* **ASSIGNMENT**:
A verbatim copy of all the data is required; the pictures should not appear in it.

* **DATA BLOCK**:
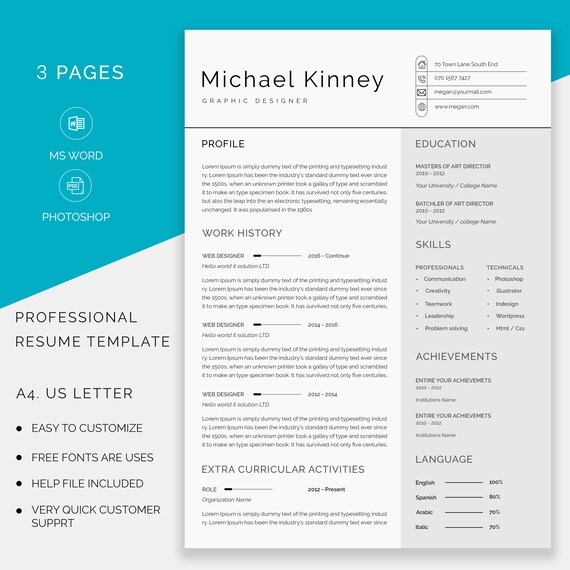 Professional Resume Template Modern Resume Template Creative - Etsy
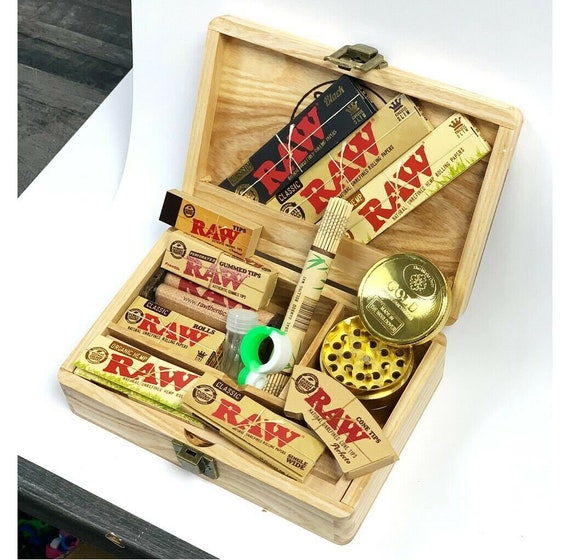 Wooden Roll Box Set: RAW Papers, Gold & Roll Mat Handmade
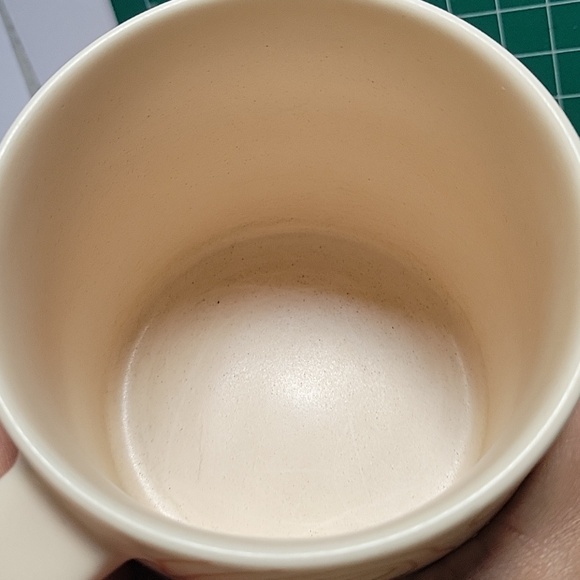 Whitney Kerney for Causebox. Beige Coffee Mug.Beige Abstract wood tree Lines. - Picture 7 of 11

* **EXPECTED ANSWER**:
 Professional Resume Template Modern Resume Template Creative - Etsy
 Wooden Roll Box Set: RAW Papers, Gold & Roll Mat Handmade
 Whitney Kerney for Causebox. Beige Coffee Mug.Beige Abstract wood tree Lines. - Picture 7 of 11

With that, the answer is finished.